Nem sei por que estou escrevendo sobre isso, mas eu precisava. Meu cachorro Willy está com câncer, em fase terminal praticamente. Ok, cachorro não é gente. Talvez seja mais que gente. Há dez anos ele foi parte da nossa família: da hora que acordávamos até a hora de dormir estava por perto, fazendo companhia, pedindo carinho com aquela carinha mais amável do mundo e deixando nossa vida mais suave com sua “fofice”. Quando alguém chorava ele ficava maluco, subia na gente, ficava agoniado. Foi o cão mais amável que se pode imaginar. E logo vai partir e deixar a gente morrendo de saudades e com os olhos marejados, encharcados. Convivi desde criança com os animais e posso dizer: eles possuem uma sabedoria que não há entre animais humanos.
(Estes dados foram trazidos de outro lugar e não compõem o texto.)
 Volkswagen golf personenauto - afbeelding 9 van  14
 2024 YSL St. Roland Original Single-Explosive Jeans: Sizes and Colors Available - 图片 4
Eu ando bastante triste nos últimos dias. Difícil é não fazer um balanço da vida e ver o que realmente tem um peso eterno. No final das contas, você descobre que pode muito bem viver com muito pouco: pouca comida, pouca roupa, poucos bens, pouco luxo, pouco dinheiro. Difícil é viver sozinho. O foda mesmo é estar longe de quem a gente ama, daqueles que fazem nossa vida ter um sentido, que nos fizeram rir e hoje podemos morrer de chorar por eles. E assim a vida continua. Com muitas perdas e alguns ganhos. E a gente segue vivendo com um buraco no coração, um tijolo no estômago e um eterno nó na garganta chamado saudade.

"Por muito tempo achei que a ausência é falta. E lastimava, ignorante, a falta. Hoje não a lastimo. Não há falta na ausência. A ausência é um estar em mim. E sinto-a, branca, tão pegada, aconchegada nos meus braços, que rio e danço e invento exclamações alegres,porque a ausência, essa ausência assimilada,ninguém a rouba mais de mim." (Ausência - Carlos Drumond de Andrade)

Ps. Escrevi isso no dia 13. Hoje o Willy nos deixou.